**Work required:** Set down exactly the lines in the records below that run from the line with "كتاب شحيح ومميز ملوك العرب 1960م 5" to the line with "マンネリから勃起しなくなって", inclusive, and nothing more.

**Input for this task:**
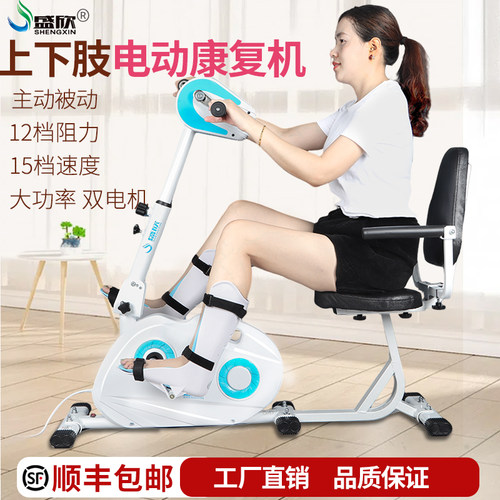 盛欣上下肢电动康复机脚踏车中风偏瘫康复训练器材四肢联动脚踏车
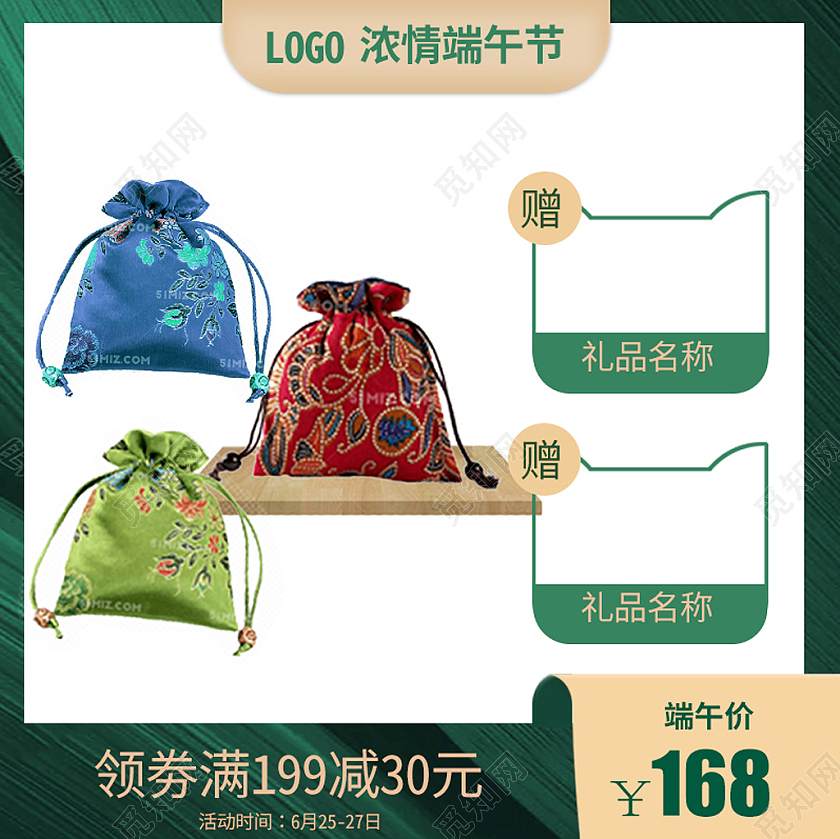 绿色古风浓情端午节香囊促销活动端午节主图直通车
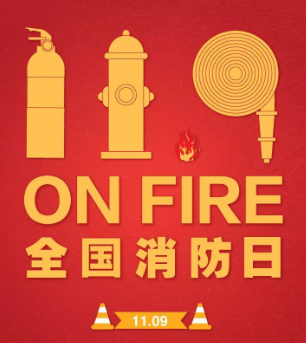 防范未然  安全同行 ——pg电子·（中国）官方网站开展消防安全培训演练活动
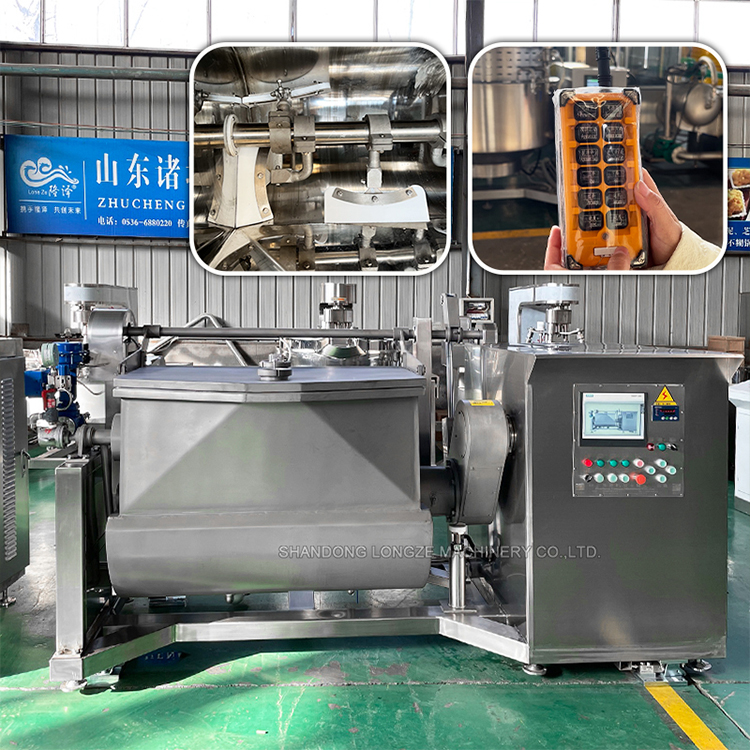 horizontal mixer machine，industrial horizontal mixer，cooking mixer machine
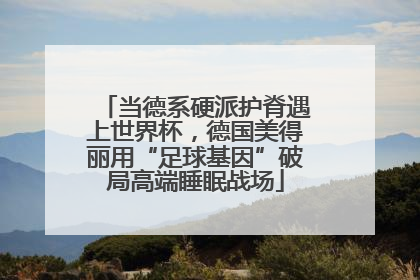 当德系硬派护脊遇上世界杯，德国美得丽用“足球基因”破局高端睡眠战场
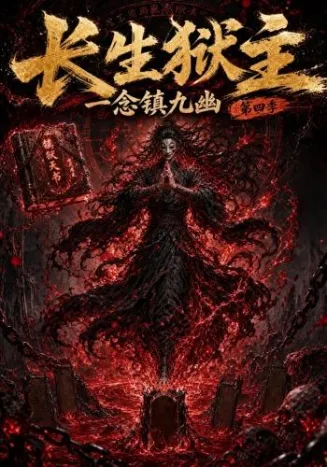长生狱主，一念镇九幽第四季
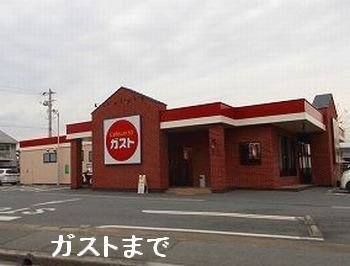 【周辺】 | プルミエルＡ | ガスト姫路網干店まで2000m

...

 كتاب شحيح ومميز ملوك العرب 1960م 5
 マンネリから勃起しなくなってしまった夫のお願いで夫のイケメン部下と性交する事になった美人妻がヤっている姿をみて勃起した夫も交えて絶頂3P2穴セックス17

**Task answer:**
 كتاب شحيح ومميز ملوك العرب 1960م 5
 マンネリから勃起しなくなってしまった夫のお願いで夫のイケメン部下と性交する事になった美人妻がヤっている姿をみて勃起した夫も交えて絶頂3P2穴セックス17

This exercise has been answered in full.